Newsflash Archives > The Pope's Easter Message
Urbi et Orbi ("to the City [of Rome] and to the World") was a standard opening of Roman proclamations. The term is now used to denote a papal address and Apostolic Blessing that is addressed to the City of Rome and to the entire world.
The blessing takes place at each Easter and Christmas celebration in Rome from the central loggia of St. Peter's Basilica. Part of the urbi et orbi blessing is the remission of all temporal punishment due to sin through a plenary indulgence attached to the Papal blessing.
The blessings at Christmas and Easter are broadcast throughout the world by the European Broadcasting Union. The remission and forgiveness of sins is not only granted to the people in St. Peter's Square but also to Catholics watching the ceremony on television and listening on radio. [See correction. - the Editor] Before this blessing the Pope gives an address to the crowd and to the world, with seasonal greetings in many of the major world languages.
Urbi et orbi is also used at St. Peter's at the Papal inauguration and, on very rare occasions, as the blessing of pilgrims and during the Holy Year (Jubilee).
The main phrase of the blessing ends: "Et benedictio Dei omnipotentis, Patris et Filii et Spiritus Sancti descendat super vos et maneat semper" ("And may the blessing of Almighty God, the Father, the Son and the Holy Spirit, descend on you and remain with you always".)
The Pope's message for Easter issues a call for all believers to join with Christ and affirm Christ's Easter Sunday victory over death by taking up his weapons: justice and truth, mercy, forgiveness and love
by Pope Benedict XVI
VATICAN CITY — Here is the Vatican’s English translation of Pope Benedict XVI’s message “urbi et orbi” (to the city and to the world) for April 12, 2009, Easter Sunday.
(Photo: Pope Benedict XVI delivers his Easter blessing "urbi et orbi" overlooking St. Peter's Square at the Vatican. In his message he called for renewed efforts to bring about peace in the Israeli-Palestinian conflict. CNS photo/Tony Gentile, Reuters)
Dear Brothers and Sisters in Rome and throughout the world,
From the depths of my heart, I wish all of you a blessed Easter. To quote Saint Augustine, “Resurrectio Domini, spes nostra — the resurrection of the Lord is our hope” (Sermon 261:1).

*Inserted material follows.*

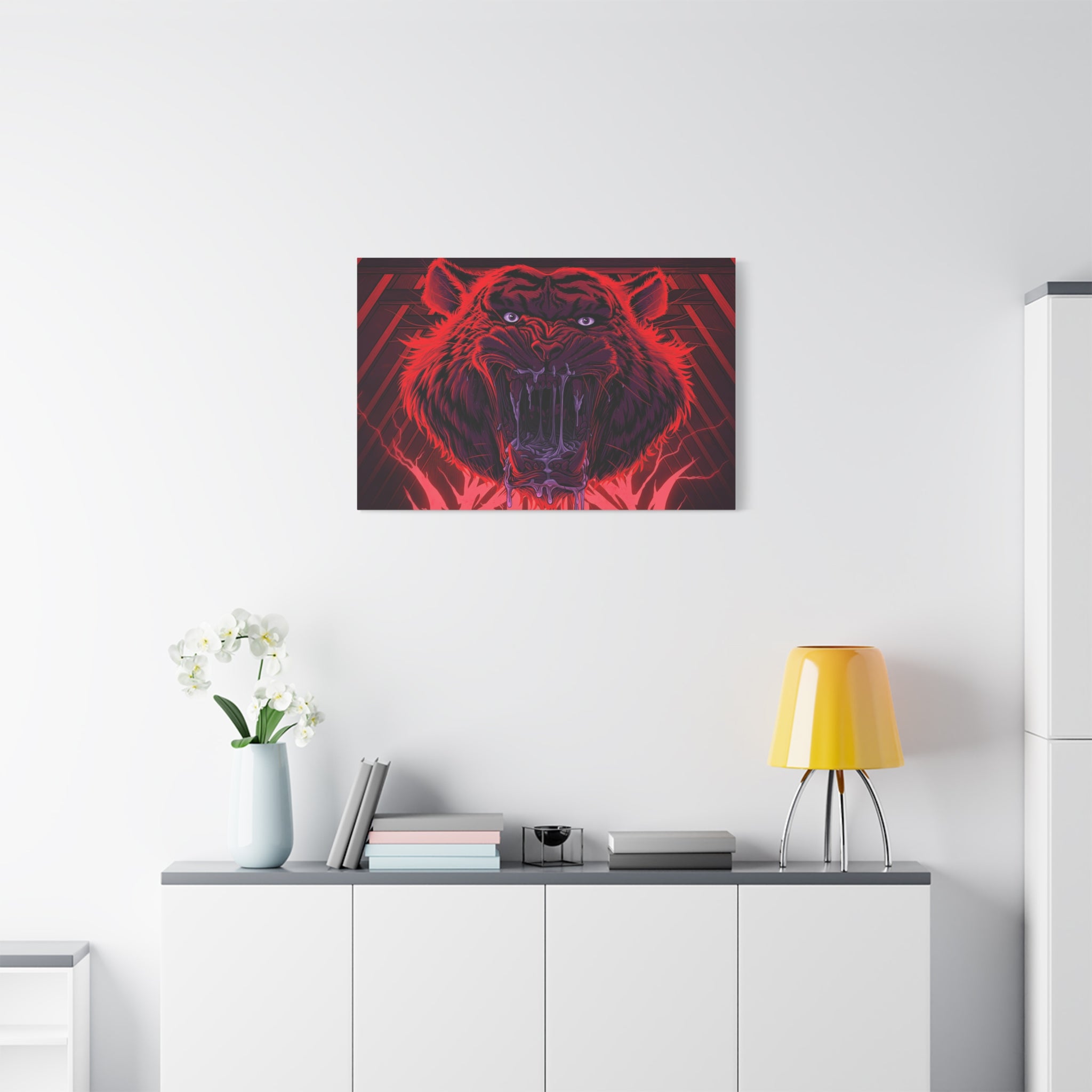 canvas-print-tiger-face-predator-fantasy-art-home-living-room-decor-matte-stretched-wall-art-animal-art-tiger-canvas-1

With these words, the great Bishop explained to the faithful that Jesus rose again so that we, though destined to die, should not despair, worrying that with death life is completely finished; Christ is risen to give us hope (cf. ibid.).
Indeed, one of the questions that most preoccupies men and women is this: what is there after death?
To this mystery today’s solemnity allows us to respond that death does not have the last word, because Life will be victorious at the end.
This certainty of ours is based not on simple human reasoning, but on a historical fact of faith: Jesus Christ, crucified and buried, is risen with his glorified body. Jesus is risen so that we too, believing in him, may have eternal life.
This proclamation is at the heart of the Gospel message. As Saint Paul vigorously declares: “If Christ has not been raised, our preaching is in vain and your faith is in vain.” He goes on to say: “If for this life only we have hoped in Christ, we are of all men most to be pitied” (1 Cor 15:14,19).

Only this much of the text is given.